Caption-style text data
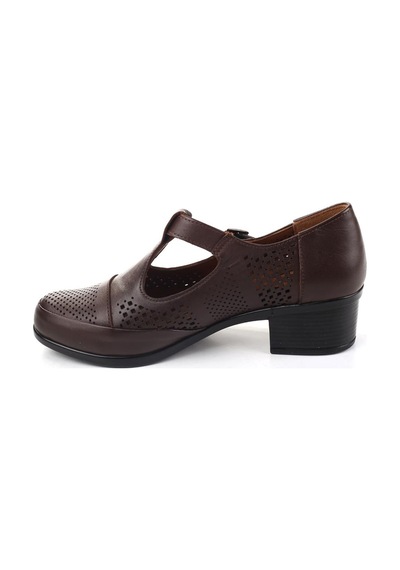 Castle Black 24565 Hakiki Deri Günlük 4 Cm Topuklu Kadın Ayakkabı 001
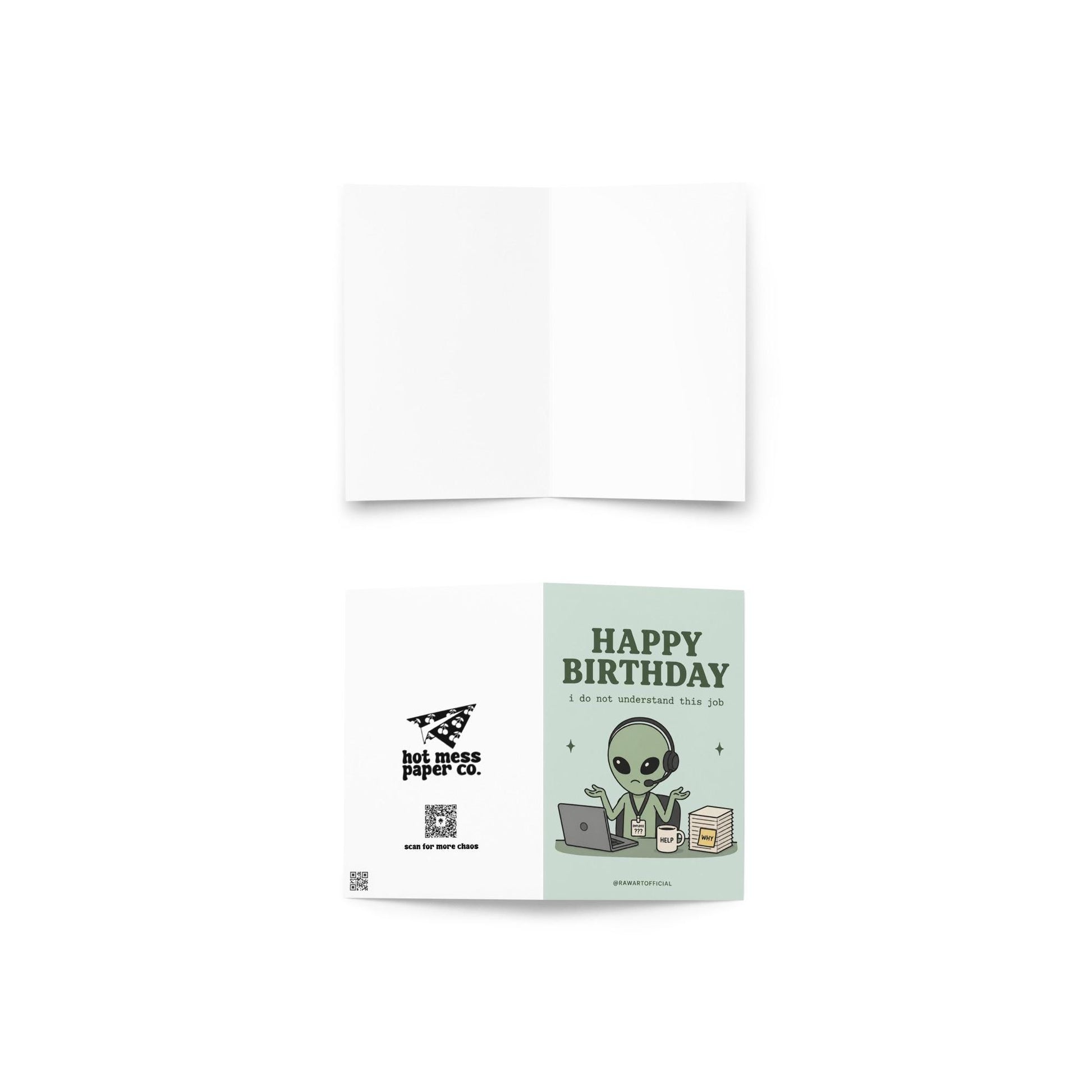 Funny coworker birthday greeting card with confused alien at desk with laptop and headset, text reads “Happy birthday I do not understand this job”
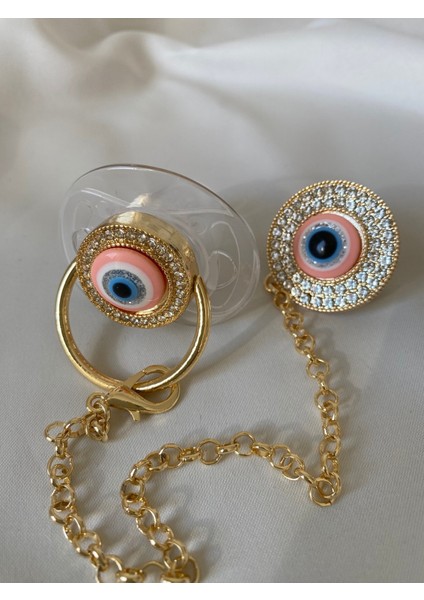 Nazar Boncuklu Emzik Seti – Altın Kaplama Zirkon Taşlı Emzik Zinciri Bebek Hediyelik fırsatları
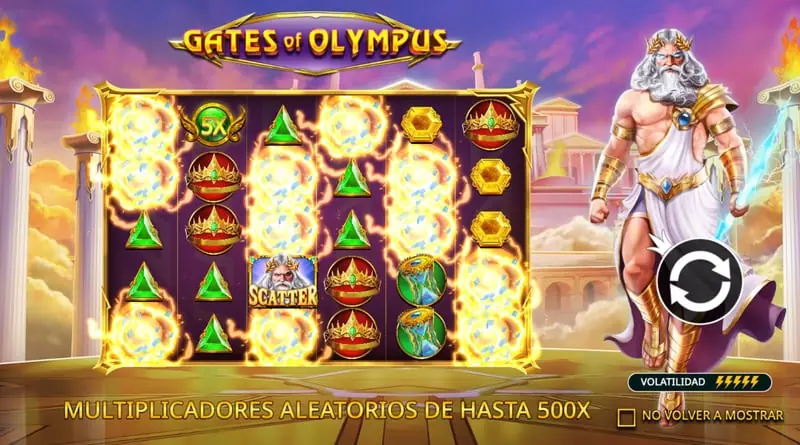Pantalla de presentación de Gates of Olympus con Zeus, gemas y multiplicadores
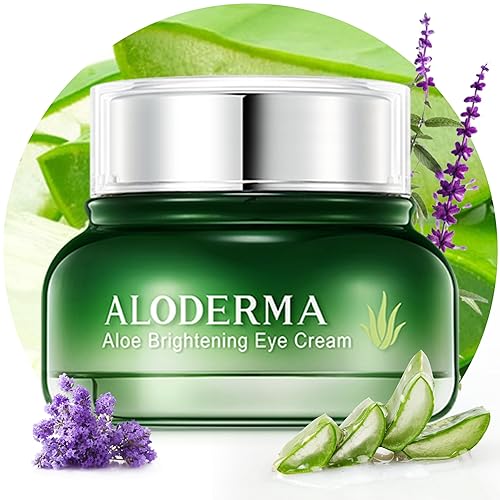 Aloderma Crema de ojos iluminadora con 87% de aloe vera orgánico  Crema de ojos diaria para ojeras e hinchazón con pomelo y extracto de regaliz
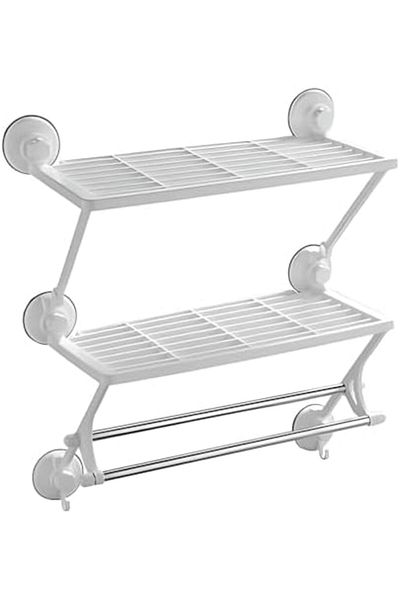 Biki Double Layers Double Rods Shelf – White Plastic Wall Mounted Bathroom & Kitchen Organizer 57x52x24cm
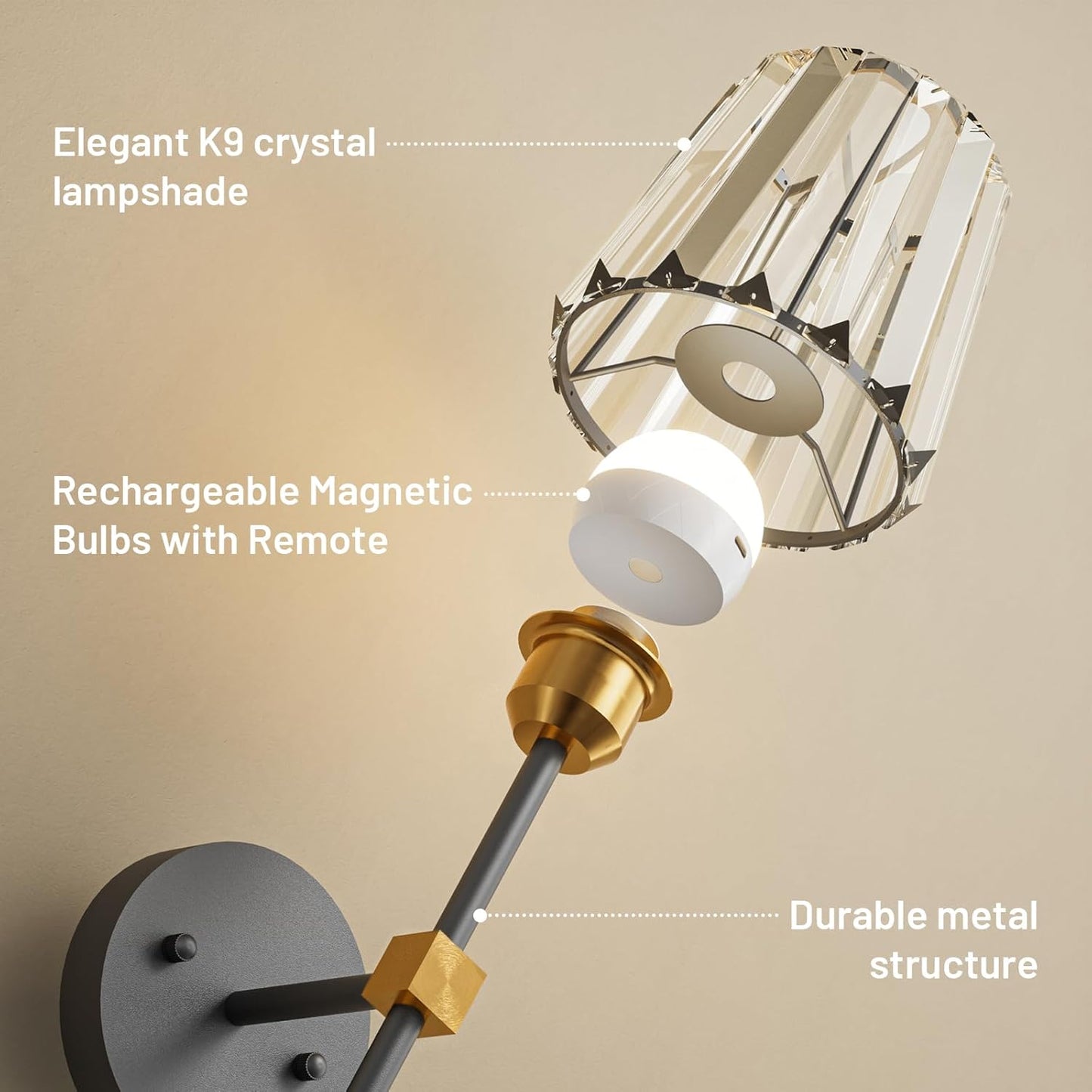 Crystal Battery Operated Wall Sconces Set of 2, Gold Rechargeable Wireless Wall Sconce Lights with Crystal Lampshade, 12 RGB and 3CCT Dimmable Wall Lamps with Remote for Bedroom Living Room Hallway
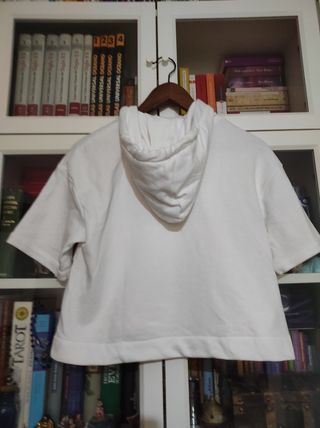 Sudadera blanca c/ capucha talla S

__ABOUT THIS TASK__.
Repeat the data above in full and exactly. Omit every image.

__SOLUTION FOR THIS EXERCISE__.
 Castle Black 24565 Hakiki Deri Günlük 4 Cm Topuklu Kadın Ayakkabı 001
 Funny coworker birthday greeting card with confused alien at desk with laptop and headset, text reads “Happy birthday I do not understand this job”
 Nazar Boncuklu Emzik Seti – Altın Kaplama Zirkon Taşlı Emzik Zinciri Bebek Hediyelik fırsatları
Pantalla de presentación de Gates of Olympus con Zeus, gemas y multiplicadores
 Aloderma Crema de ojos iluminadora con 87% de aloe vera orgánico  Crema de ojos diaria para ojeras e hinchazón con pomelo y extracto de regaliz
 Biki Double Layers Double Rods Shelf – White Plastic Wall Mounted Bathroom & Kitchen Organizer 57x52x24cm
 Crystal Battery Operated Wall Sconces Set of 2, Gold Rechargeable Wireless Wall Sconce Lights with Crystal Lampshade, 12 RGB and 3CCT Dimmable Wall Lamps with Remote for Bedroom Living Room Hallway
 Sudadera blanca c/ capucha talla S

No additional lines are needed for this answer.